Republicans at every level of politics and media have condemned critical race theory—an advanced academic framework examining the effects of 400+ years of slavery and segregation on current U.S. social and governmental institutions—is damaging to society.
They've falsely claimed that the theory is taught widely in secondary schools and that it teaches white children to hate themselves. Republican elected officials have pounced on this mass delusion, with Florida Governor Ron DeSantis proposing the "Stop W.O.K.E. Act" and Tennessee schools mulling fines of a million dollars to districts where critical race theory is supposedly taught.
The Republican minority leader of the Rhode Island House of Representatives—Patricia Morgan—is yet another Republican lawmaker promoting critical race theory hysteria.
Earlier this year, Morgan proposed a bill to ban the teaching of "divisive concepts" in Rhode Island schools, further peddling the delusion that critical race theory teaches that white people are "bad."
On Tuesday, Morgan invoked "a Black friend" who supposedly turned "hostile and unpleasant" to her—something Morgan suggested occurred not because Morgan did anything wrong, but because of tenets she believes are taught in critical race theory.
I had a black friend. I liked her and I think she liked me, too. But now she is hostile and unpleasant. I am sure I didn't do anything to her, except be white. Is that what teachers and our political leaders really want for our society? Divide us because of our skin color? #CRT
— Patricia Morgan (@repmorgan) December 28, 2021
Morgan went on to claim that critical race theory teaches Americans to "divide us because of our skin color," rather than approaching current dynamics with the basic knowledge that history impacts the present.
Morgan's anecdote was roundly decried on social media.

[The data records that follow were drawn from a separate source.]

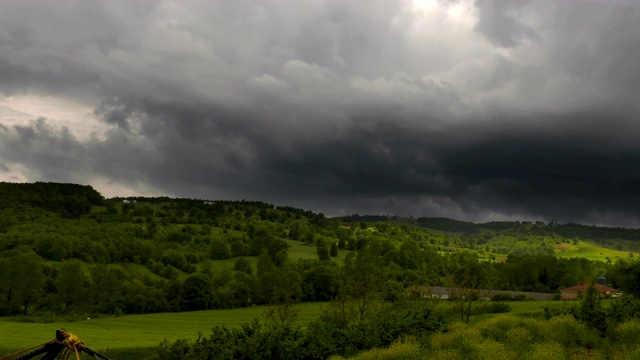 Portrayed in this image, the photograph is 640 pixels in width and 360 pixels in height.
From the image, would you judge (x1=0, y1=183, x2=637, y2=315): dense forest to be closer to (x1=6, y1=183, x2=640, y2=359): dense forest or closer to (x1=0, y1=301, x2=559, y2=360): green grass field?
(x1=6, y1=183, x2=640, y2=359): dense forest

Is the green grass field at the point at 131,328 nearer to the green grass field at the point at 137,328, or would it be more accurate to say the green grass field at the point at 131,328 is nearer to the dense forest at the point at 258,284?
the green grass field at the point at 137,328

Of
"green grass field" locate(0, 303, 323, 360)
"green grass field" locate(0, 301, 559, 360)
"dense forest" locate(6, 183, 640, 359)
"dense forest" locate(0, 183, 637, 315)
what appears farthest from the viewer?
"dense forest" locate(0, 183, 637, 315)

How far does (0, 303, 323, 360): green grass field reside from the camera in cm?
6797

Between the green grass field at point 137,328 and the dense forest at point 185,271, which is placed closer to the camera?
the green grass field at point 137,328

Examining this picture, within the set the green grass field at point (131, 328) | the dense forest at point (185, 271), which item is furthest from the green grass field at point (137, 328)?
the dense forest at point (185, 271)

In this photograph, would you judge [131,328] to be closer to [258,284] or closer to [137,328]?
[137,328]

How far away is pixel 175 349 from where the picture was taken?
2213 inches

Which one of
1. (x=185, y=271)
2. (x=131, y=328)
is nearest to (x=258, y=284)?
(x=131, y=328)

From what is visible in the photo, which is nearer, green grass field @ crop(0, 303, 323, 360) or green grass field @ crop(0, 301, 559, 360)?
green grass field @ crop(0, 301, 559, 360)

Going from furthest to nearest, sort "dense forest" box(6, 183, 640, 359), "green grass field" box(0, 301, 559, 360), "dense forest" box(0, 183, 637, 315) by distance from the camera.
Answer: "dense forest" box(0, 183, 637, 315)
"green grass field" box(0, 301, 559, 360)
"dense forest" box(6, 183, 640, 359)

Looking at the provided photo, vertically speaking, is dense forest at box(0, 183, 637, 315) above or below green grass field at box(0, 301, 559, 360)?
above

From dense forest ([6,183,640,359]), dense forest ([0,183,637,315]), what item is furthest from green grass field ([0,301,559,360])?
dense forest ([0,183,637,315])

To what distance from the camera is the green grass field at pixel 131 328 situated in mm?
67969

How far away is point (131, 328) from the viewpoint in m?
88.2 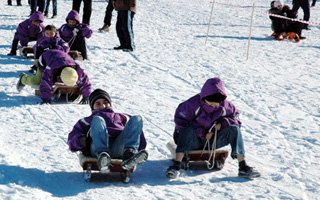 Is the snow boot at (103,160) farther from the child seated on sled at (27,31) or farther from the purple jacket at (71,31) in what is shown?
the child seated on sled at (27,31)

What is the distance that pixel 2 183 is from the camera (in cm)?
532

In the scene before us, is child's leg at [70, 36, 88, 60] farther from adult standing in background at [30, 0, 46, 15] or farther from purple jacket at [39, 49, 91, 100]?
adult standing in background at [30, 0, 46, 15]

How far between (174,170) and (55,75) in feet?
11.1

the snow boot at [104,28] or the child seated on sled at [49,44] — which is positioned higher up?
the child seated on sled at [49,44]

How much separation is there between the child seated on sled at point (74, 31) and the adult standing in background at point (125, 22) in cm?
162

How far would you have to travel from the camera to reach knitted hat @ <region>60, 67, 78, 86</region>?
820 cm

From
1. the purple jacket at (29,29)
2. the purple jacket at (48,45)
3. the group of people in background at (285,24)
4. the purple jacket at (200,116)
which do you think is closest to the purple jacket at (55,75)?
the purple jacket at (48,45)

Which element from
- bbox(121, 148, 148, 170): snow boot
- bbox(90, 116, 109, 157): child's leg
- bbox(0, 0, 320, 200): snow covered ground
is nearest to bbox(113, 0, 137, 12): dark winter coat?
bbox(0, 0, 320, 200): snow covered ground

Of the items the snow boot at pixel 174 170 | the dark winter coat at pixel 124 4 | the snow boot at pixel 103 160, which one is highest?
the dark winter coat at pixel 124 4

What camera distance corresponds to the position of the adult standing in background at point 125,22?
42.1 ft

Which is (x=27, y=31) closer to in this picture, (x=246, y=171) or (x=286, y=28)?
(x=286, y=28)

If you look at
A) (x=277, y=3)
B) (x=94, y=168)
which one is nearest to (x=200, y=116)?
(x=94, y=168)

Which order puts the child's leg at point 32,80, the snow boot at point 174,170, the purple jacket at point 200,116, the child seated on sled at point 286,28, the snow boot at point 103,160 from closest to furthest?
the snow boot at point 103,160 < the snow boot at point 174,170 < the purple jacket at point 200,116 < the child's leg at point 32,80 < the child seated on sled at point 286,28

How you gonna blame critical race theory when you, as an adult, started a sentence with "I had a black friend." https://t.co/n37dfX1zhY
— Hennessy Williams (@ginfueledbrat) December 28, 2021
From “The” Black friend’s coalition: Bye Patricia. https://t.co/DhNG6fpegg
— Dara Beevas (@darairene) December 28, 2021
I’d be hostile and unpleasant too if someone like this ever thought they were my friend. https://t.co/cJwA4gTOyo
— Joel D. Anderson (@byjoelanderson) December 28, 2021
Let’s be clear. Patricia never had a “Black friend.” If the person was REALLY ever her friend, Patricia would act like a grown ass woman and contact her “friend” to speak with her instead of posting about it on Twitter to try to make some lame point about CRT. https://t.co/OMphAAuBVO
— Hannah Drake (@HannahDrake628) December 28, 2021
Whew we got the greatest hits right here, baby! From an someone who holds an elected office!
We got: (1) the black friend trope
(2) the angry black woman trope
(3) reverse racism myth
(4) think of the children/we must save them from something that's not happening archetype https://t.co/21qn5z1Ew7
— The Light Skin Benita Butrell (@TrapThumbelina) December 28, 2021
This is absurd and all, sure, but then you realize that this woman is an elected official… https://t.co/mc7YPQw0ro
— Varun (Taylor’s Version) (@varun_santhanam) December 28, 2021
People were skeptical that Morgan "didn't do anything," as she claimed.
You did something https://t.co/7Onwi75hzN
— roxane gay (@rgay) December 28, 2021
You definitely did something other than be white, Patricia. https://t.co/xrMh66XTUh
— Susannah (@lanuovasuzy) December 28, 2021
You know, Patricia, it might actually be because you’ve introduced bills to ban critical race theory, thus proving that you are a racist, and that black friend you had doesn’t want to associate with racists.
Just spitballing here… https://t.co/Bn8KcvWBxW
— *you're (@RKJ65) December 28, 2021
Morgan's Black friend could not be reached for comment.